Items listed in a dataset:

■ ■ ■

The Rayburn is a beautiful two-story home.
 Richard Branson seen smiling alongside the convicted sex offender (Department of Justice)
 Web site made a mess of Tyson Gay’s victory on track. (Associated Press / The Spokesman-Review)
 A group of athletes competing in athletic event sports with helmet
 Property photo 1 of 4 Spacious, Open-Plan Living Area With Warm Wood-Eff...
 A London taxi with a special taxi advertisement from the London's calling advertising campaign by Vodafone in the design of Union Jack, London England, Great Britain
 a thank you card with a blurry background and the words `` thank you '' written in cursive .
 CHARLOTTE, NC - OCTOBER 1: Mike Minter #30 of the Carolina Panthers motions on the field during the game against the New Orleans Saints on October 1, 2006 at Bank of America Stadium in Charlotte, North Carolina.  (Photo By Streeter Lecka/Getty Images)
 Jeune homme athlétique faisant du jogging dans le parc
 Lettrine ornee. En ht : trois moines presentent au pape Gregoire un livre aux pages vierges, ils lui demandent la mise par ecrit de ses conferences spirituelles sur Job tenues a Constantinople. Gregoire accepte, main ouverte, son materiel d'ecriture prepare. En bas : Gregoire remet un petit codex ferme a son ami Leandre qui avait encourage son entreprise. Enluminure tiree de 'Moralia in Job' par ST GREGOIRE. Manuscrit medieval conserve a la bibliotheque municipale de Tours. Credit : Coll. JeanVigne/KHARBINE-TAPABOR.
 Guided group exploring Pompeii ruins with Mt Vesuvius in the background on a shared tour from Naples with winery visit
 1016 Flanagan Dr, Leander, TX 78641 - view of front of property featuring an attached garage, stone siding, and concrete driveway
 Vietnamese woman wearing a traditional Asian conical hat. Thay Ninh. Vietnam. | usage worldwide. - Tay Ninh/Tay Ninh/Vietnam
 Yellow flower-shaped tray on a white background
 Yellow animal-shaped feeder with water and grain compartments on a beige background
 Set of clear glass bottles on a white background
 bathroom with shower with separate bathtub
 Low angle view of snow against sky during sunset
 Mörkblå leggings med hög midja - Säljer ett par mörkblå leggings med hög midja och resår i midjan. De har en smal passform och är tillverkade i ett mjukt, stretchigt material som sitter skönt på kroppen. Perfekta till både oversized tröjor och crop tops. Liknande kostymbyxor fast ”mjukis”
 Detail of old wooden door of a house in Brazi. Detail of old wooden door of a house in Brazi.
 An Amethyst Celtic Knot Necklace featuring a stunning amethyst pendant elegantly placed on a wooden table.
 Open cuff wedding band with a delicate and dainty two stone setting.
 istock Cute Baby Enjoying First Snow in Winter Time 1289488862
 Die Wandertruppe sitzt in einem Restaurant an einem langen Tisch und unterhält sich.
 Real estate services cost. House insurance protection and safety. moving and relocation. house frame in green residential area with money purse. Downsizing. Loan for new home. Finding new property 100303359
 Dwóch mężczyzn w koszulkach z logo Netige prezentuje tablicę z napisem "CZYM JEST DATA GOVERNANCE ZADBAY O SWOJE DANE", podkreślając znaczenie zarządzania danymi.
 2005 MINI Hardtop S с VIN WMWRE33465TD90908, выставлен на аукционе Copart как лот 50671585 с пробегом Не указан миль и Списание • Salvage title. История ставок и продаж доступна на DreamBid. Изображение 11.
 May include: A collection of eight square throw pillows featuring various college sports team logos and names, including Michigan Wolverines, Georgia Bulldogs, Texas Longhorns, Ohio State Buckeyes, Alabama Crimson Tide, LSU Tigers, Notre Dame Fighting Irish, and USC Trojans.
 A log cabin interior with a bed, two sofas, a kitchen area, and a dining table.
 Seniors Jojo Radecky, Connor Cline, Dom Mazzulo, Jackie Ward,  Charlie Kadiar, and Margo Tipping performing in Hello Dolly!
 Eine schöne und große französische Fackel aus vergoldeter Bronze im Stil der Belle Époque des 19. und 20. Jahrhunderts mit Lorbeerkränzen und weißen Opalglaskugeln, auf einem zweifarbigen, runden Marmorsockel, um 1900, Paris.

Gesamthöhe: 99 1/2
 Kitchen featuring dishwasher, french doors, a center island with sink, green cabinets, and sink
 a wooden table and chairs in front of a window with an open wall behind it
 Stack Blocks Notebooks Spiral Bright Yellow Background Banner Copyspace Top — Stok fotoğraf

■ ■ ■

## Work item
Lines that hold the word "house" are the ones to copy from the entries above.

## Result for this task
 Detail of old wooden door of a house in Brazi. Detail of old wooden door of a house in Brazi.
 Real estate services cost. House insurance protection and safety. moving and relocation. house frame in green residential area with money purse. Downsizing. Loan for new home. Finding new property 100303359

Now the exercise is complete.